Dementia poses a huge emotional, social, and psychological challenge to patients, families, and caregivers. The condition affects the memory and thinking skills of an estimated 5.5 million people of all ages in the United States. The exact causes of dementia are complex and still not understood, leading to misconceptions and myths.

The progressive neurological disorder is on the wane; previous research has found the dementia rate in Americans 65 and older has fallen by 24 percent over a period of 12 years; it was 8.8 percent in 2012, falling from 11.6 percent in 2000. That same year, the average age of people who received a dementia diagnosis was 80.7, compared to an average age of 82.4 in 2012.

Although the condition has declined, there is a growing older population in the U.S. that will continue to live well into their 80s, an age group that is at the highest risk for dementia.

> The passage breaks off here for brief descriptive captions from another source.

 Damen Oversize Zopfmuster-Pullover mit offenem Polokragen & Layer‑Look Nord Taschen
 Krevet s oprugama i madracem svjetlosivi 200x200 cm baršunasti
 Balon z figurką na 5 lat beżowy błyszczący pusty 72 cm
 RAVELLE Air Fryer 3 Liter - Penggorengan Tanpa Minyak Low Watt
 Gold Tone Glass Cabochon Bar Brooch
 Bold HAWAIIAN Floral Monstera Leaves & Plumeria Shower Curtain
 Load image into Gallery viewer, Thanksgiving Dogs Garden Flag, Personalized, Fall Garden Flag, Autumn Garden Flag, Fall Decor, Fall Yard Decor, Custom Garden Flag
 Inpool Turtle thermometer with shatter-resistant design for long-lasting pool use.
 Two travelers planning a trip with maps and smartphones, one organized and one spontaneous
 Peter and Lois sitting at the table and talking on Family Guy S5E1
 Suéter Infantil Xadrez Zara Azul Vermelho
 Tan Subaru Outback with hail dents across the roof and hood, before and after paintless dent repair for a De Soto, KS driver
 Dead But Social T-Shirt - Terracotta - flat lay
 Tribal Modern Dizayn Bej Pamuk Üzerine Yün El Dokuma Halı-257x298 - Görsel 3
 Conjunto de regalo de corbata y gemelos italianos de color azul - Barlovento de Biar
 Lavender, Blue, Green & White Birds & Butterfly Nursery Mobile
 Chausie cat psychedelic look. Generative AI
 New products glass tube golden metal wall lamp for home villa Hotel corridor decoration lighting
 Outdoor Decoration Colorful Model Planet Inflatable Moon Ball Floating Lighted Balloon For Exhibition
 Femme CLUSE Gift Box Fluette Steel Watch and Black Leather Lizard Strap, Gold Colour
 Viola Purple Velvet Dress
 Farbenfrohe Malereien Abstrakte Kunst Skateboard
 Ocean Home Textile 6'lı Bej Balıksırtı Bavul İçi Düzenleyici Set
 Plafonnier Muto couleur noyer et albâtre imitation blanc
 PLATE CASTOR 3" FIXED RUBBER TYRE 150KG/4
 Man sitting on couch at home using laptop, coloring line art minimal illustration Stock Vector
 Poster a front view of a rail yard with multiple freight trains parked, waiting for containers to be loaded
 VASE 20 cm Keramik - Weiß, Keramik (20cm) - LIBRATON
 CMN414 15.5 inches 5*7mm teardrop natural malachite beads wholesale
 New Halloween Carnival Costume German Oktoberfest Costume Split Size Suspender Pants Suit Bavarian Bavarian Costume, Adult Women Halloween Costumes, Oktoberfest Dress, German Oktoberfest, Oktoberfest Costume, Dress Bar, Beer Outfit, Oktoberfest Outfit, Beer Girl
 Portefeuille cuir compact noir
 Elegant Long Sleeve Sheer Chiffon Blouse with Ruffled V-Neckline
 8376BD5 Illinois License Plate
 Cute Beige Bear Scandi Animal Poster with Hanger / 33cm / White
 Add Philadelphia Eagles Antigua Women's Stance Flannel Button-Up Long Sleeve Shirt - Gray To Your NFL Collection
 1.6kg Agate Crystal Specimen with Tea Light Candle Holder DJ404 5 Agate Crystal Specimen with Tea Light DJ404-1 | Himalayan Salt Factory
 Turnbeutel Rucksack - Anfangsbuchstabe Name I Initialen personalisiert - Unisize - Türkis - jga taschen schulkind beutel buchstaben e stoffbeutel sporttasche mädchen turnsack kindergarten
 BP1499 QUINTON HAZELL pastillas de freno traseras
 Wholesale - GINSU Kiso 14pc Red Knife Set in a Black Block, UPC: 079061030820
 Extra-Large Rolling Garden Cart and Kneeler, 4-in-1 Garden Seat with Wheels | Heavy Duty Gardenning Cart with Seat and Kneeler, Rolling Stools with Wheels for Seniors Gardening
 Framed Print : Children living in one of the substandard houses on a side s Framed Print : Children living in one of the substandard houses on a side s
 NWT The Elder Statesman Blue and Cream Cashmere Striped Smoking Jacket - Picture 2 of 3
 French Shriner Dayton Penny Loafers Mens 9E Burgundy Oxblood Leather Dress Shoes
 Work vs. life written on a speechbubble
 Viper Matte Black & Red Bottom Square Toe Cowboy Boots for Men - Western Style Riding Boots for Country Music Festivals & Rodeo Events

This means the dementia rate likely will rise, so it's imperative to separate fact from fiction when it comes to the neurological disorder.

Dementia is a natural part of aging

False: The body and brain do change as we age, but intelligence remains stable. Although people are less physically and mentally flexible, Alzheimer's disease and other dementias are not a normal part of aging. For example, if it were a natural part of aging, everyone 65 and older would be diagnosed with it, but it only affects 15 percent of the population 65 and over with rates increasing in old age.

Alzheimer's disease and dementia are the same things

False: Dementia is a term used to describe a series of diseases that lead to the symptoms of dementia, including impaired thinking and memory. Alzheimer's disease is the most common type of dementia; about 60 to 80 percent of people who have dementia have Alzheimer's. The disease is a progressive condition that gets worse over time and is characterized by common symptoms, including difficulty carrying coversation or performing everyday tasks, confusion, aggression, and mood changes.

Dementia has a bigger impact on women

True: Women are disproportionately affected by Alzheimer's disease; about two-thirds of more than 5 million Americans living with Alzheimer's are women, according to the Alzheimer's Association. Researchers hypothesize two reasons why the disease affects more women than men: women generally live longer than men, making them more likely to reach the ages of greater risk; and they may have unique biological mechanisms that contribute to underlying brain changes, progression, and the manifestation of Alzheimer's disease symptoms.

Carers of people with dementia experience high strain

True: People who care for those with dementia can be overwhelmed and experience a great deal of stress. These stresses include physical, emotional and economic pressures. It's the most expensive disease in the U.S., costing up to $215 billion a year to care for dementia patients. Caring for someone with dementia requires time and patience, which can be taxing on the caregiver.

Dispelling dementia myths can help us understand the issues people with dementia and their families and caregivers face on a daily basis.